Zheng Huang, an organic chemist at the Chinese Academy of Sciences, has spent the last four years developing a different approach. Writing today in Science Advances, Huang and his colleagues describe their method for degrading polyethylene at temperatures as low as 150 degrees Celsius, by adding an organometallic catalyst—a small, commercially available organic molecule doped with the metal iridium—to the reaction. The catalyst weakens bonds responsible for polyethylene’s stiff structure, accelerating its breakdown into a liquid product.
“Our products are much cleaner than those obtained by conventional [combustion] methods,” Huang told Gizmodo, adding that his method is also easier to control and can be used as a diesel fuel.

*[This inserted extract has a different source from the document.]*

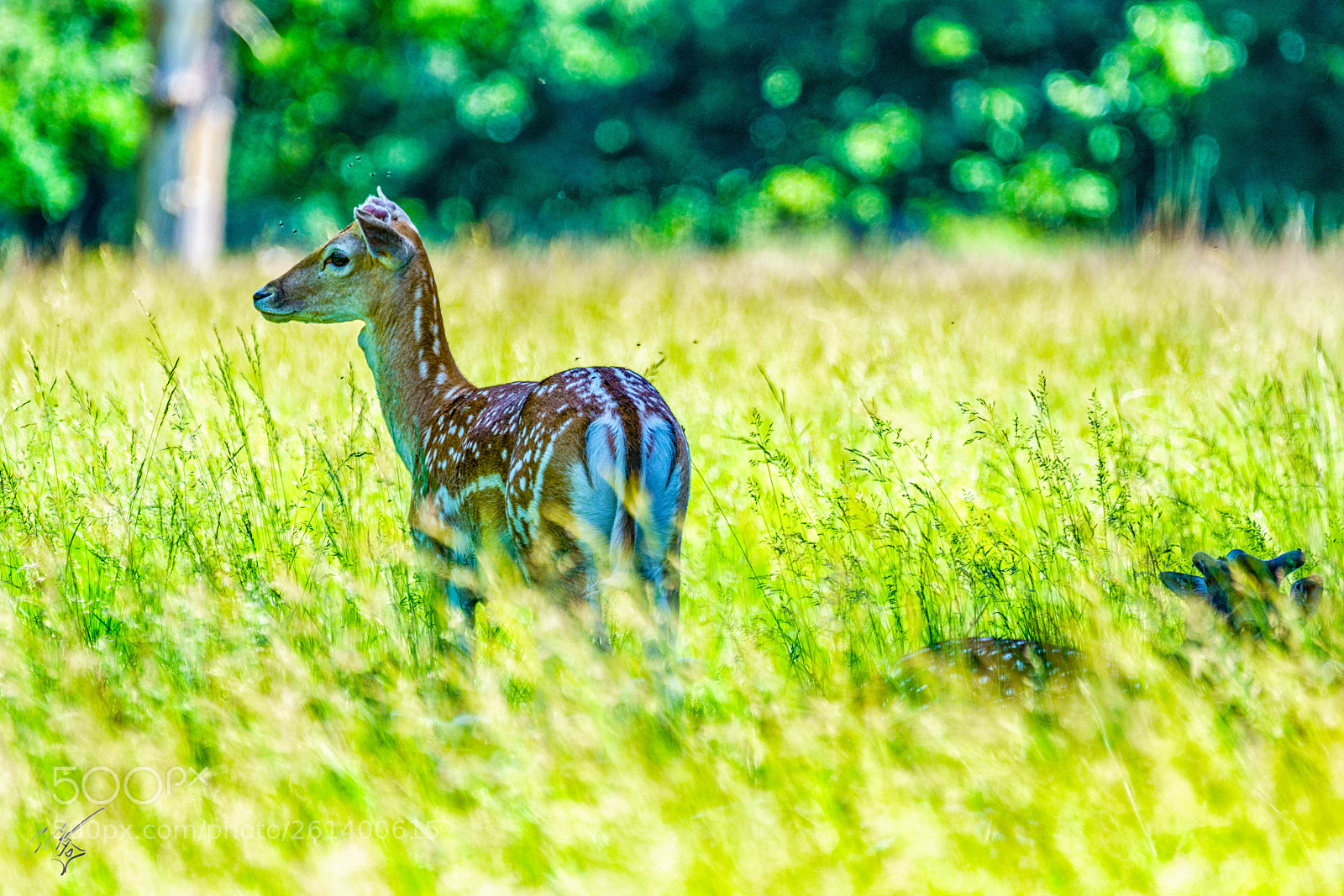 Sony a7R II sample photo. Felow deer 2 photography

It’s been proven on small samples of plastic bags, bottles, and food packaging.
The challenge, of course, will be scaling up from grams to tons if we want to make a dent in the mountains of plastic waste that litter our planet. “The first challenge is the efficiency of the catalyst,” Huang said. Right now, his procedure works well at a plastic-to-catalyst ratio of roughly 30 to one. “That’s not good enough if you want to commercialize,” he continued. “We want to see ten thousand to one, or a million to one.”
Huang’s team is also looking into replacing iridium—a rare and precious metal in the platinum family—with a cheaper alternative, although this may prove more difficult, given the highly specific nature of metal catalysts.
“We think that the future potential is there—as long as we can improve the efficiency and reduce the cost of the iridium,” Huang said. “Hopefully, very soon we can scale up the process from gram scale in the lab to kilogram and even ton scale.”